The gap narrowed to NZ$4.44 billion ($3.1 billion) in the 12 months ended July 31 from NZ$4.47 billion in the year through May, Statistics New Zealand said in Wellington today.
New Zealand's economy was probably in a recession in the first half of 2008, curbing consumer demand for imported computers and cars. Global oil prices are starting to decline from record-highs, adding to signs that the trade deficit will narrow further.
New Zealand's dollar fell to 70.38 U.S. cents at 10:53 a.m. in Wellington trading from 70.43 cents before the report.
Imports rose 22 percent to NZ$4.2 billion in July from a year earlier, the largest increase since May 2006. The gain exceeded the 16 percent forecast by economists.

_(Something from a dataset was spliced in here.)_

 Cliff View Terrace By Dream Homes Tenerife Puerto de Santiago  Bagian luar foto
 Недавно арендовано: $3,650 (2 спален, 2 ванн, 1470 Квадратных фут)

Fuel imports led the increase, rising 58 percent, the statistics agency said. The largest contributor to the gain was diesel. The next largest increase was from mechanical equipment including machinery used in gas fields and irrigation projects. Electrical machinery imports were buoyed by purchases of television digital decoders, the agency said.
Exports rose 30 percent in July from a year earlier to NZ$3.42 billion. The increase matched the median forecast in the economists' survey.
Sales of milk powder, butter and cheese, which make up almost one-fifth of overseas shipments, increased 51 percent from a year earlier.
Exports of crude oil gained to NZ$316 million from NZ$50 million a year earlier. Oil is now New Zealand's third-largest export after dairy and meat following the commencement of production at the Tui field in July.
Economists monitor the rolling, 12-month trade balance because of volatility in the month-on-month figures, which aren't seasonally adjusted. In July, there was a NZ$781 million trade deficit compared with an NZ$808 million gap a year earlier. Economists expected a NZ$538 million deficit.